Despite occasional glitches, a $1.4-billion plant to solidify liquid sodium-bearing radioactive waste at the Idaho National Laboratory has processed 21,000 gallons during its first two-and-a-half months of regular operations, the Department of Energy said Friday.
Since starting radiological operations April 11, the Integrated Waste Treatment Unit (IWTU) has had “intermittent pauses to perform various pre-planned operational activities and adjust process parameters as additional operational experience is gained” in converting liquid, sodium-bearing, high-level radioactive waste into a more stable granular form, DOE said in a press release.

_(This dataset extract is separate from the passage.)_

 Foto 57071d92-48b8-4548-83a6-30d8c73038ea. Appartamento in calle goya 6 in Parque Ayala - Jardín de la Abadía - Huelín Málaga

The agency and its Jacobs-led contractor team Idaho Environmental Coalition, “fully anticipated the need to make further adjustments to the plant” in the early going, DOE said in the release.
The unit was coming off one such hiccup Thursday when it was operating with only 50% radwaste and 50% simulant, DOE’s Idaho cleanup manager Connie Flohr, told Exchange Monitor Thursday on the sidelines of the Energy Facility Contractors Group annual meeting in Washington, D.C.
Flohr, who was returning from an international trip, said she was not yet fully briefed on the particulars. The Friday press release did not say if the plant was back yet to 100% radioactive waste.
To date, IWTU has solidified more than 21,000 gallons of waste left over from nuclear fuel reprocessing, DOE said in the Friday release. Crews have filled 77 stainless steel canisters and placed the canisters into four concrete storage vaults which are safely stored onsite.
Within a decade, DOE expects to solidify all 900,000 gallons of the liquid sodium-bearing waste.